> _What you need to do_: Pictures stay out, but every line of the data is copied exactly.
=== Material provided ===
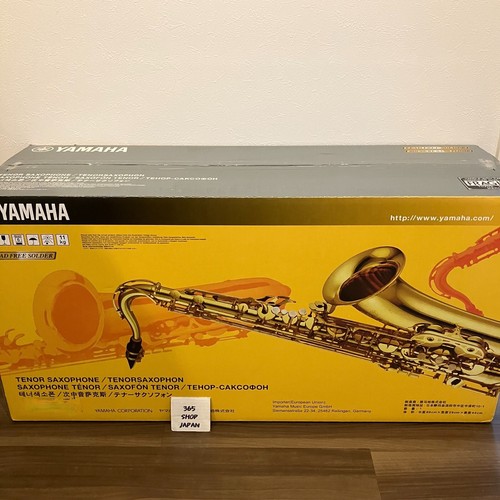 Sassofono tenore yamaha - sassofono,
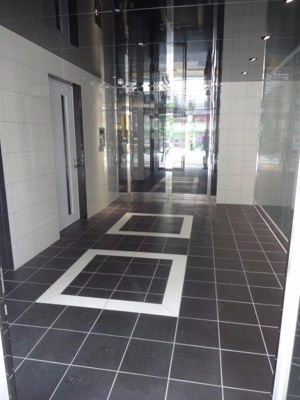 【エントランス】 | ジェノヴィア東日暮里グリーンヴェール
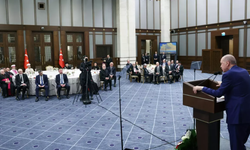 Ankara’da Birlik Sofrası: Cumhurbaşkanı Erdoğan Dini Azınlık Temsilcileriyle İftarda Buluştu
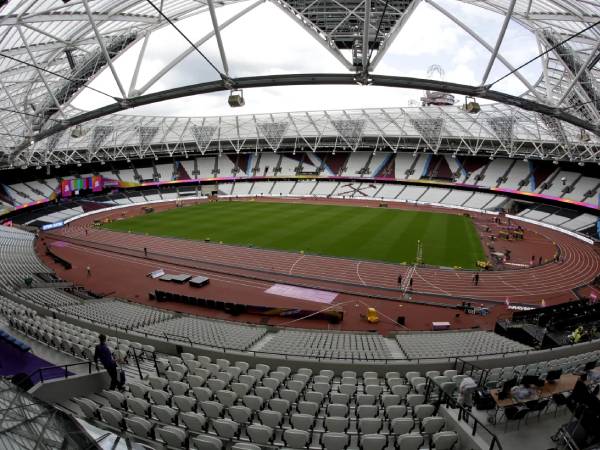 Penawaran London untuk 2029 akan menandai kembalinya kejuaraan ke Inggris setelah jeda 12 tahun. (Foto: AP)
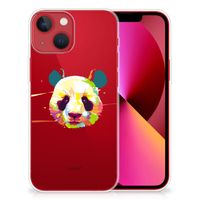 Apple iPhone 13 Telefoonhoesje met Naam Panda Color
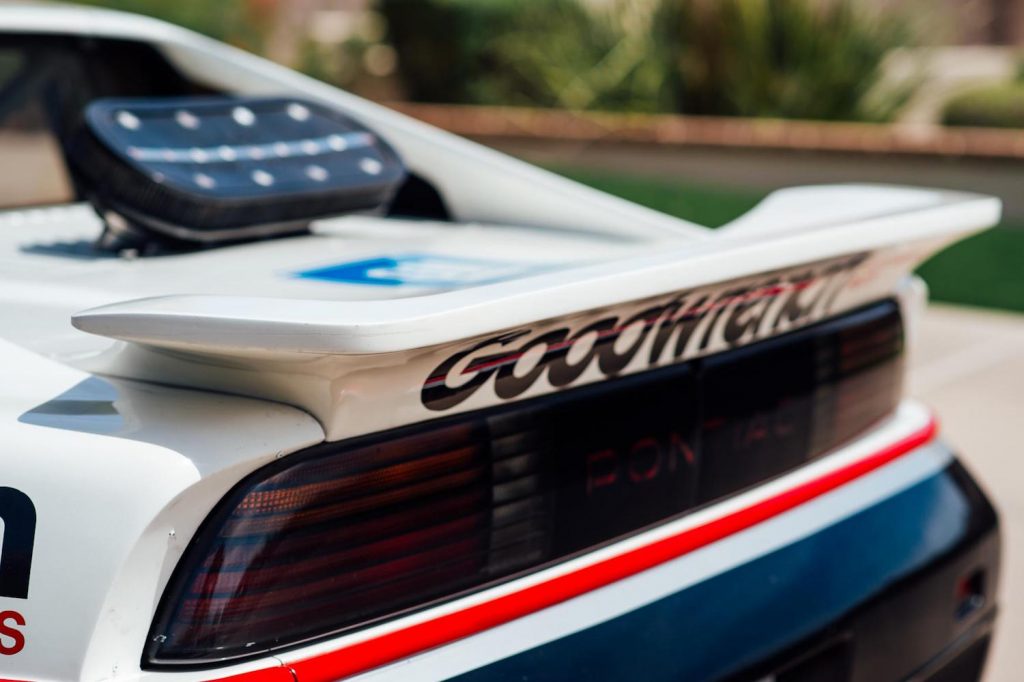 You Can Now Buy The First Pontiac Fiero IMSA Race Car Ever Built | GM ...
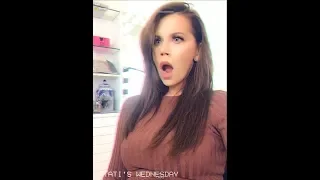 Tati Responds To Shane’s Conspiracy Theories| SnapChat Story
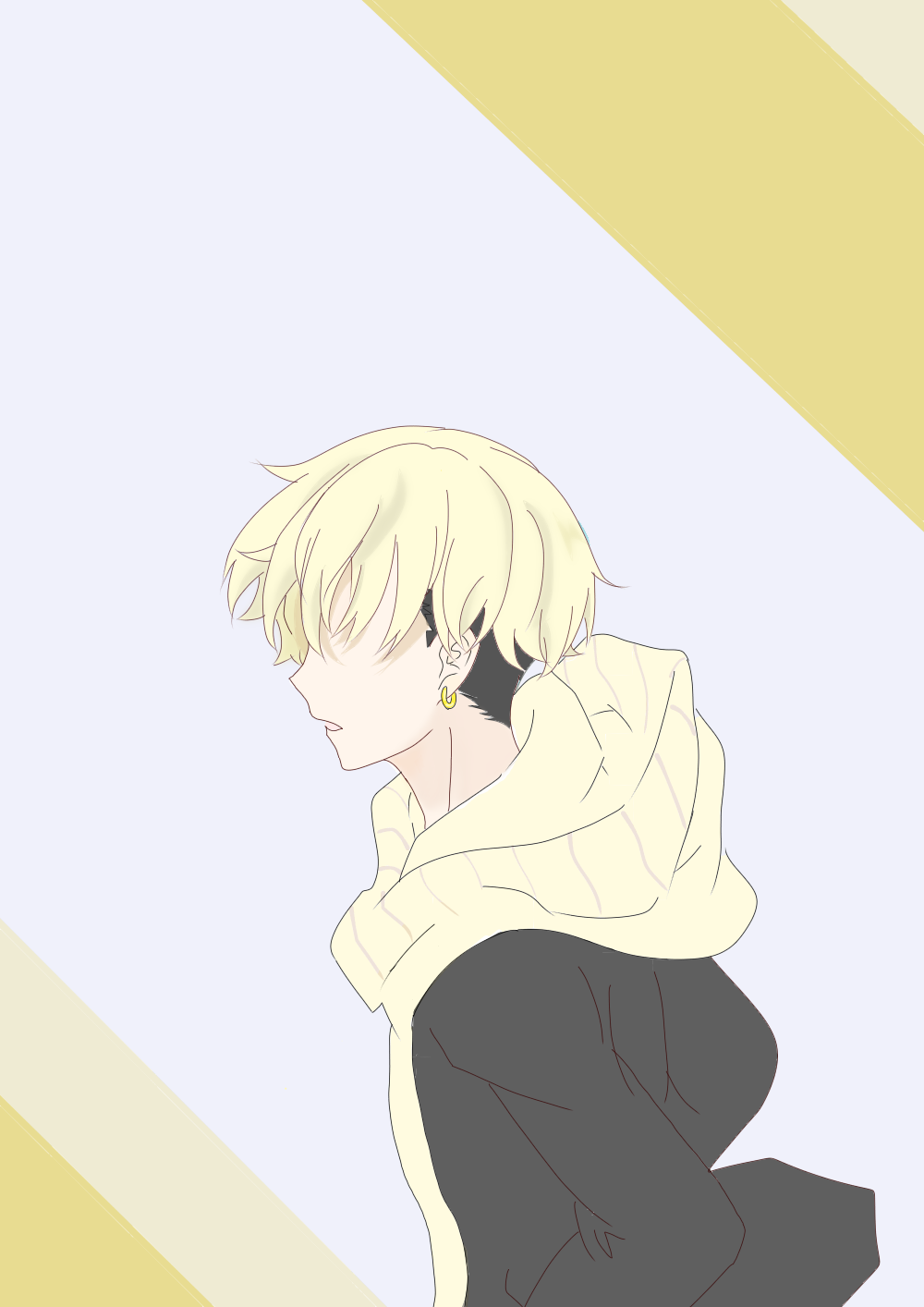 松野千冬　複製原画 3cd825a5-ea78-4ace-bc9a-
===
> _Expected output_:
 Sassofono tenore yamaha - sassofono,
 【エントランス】 | ジェノヴィア東日暮里グリーンヴェール
 Ankara’da Birlik Sofrası: Cumhurbaşkanı Erdoğan Dini Azınlık Temsilcileriyle İftarda Buluştu
 Penawaran London untuk 2029 akan menandai kembalinya kejuaraan ke Inggris setelah jeda 12 tahun. (Foto: AP)
 Apple iPhone 13 Telefoonhoesje met Naam Panda Color
 You Can Now Buy The First Pontiac Fiero IMSA Race Car Ever Built | GM ...
 Tati Responds To Shane’s Conspiracy Theories| SnapChat Story
 松野千冬　複製原画 3cd825a5-ea78-4ace-bc9a-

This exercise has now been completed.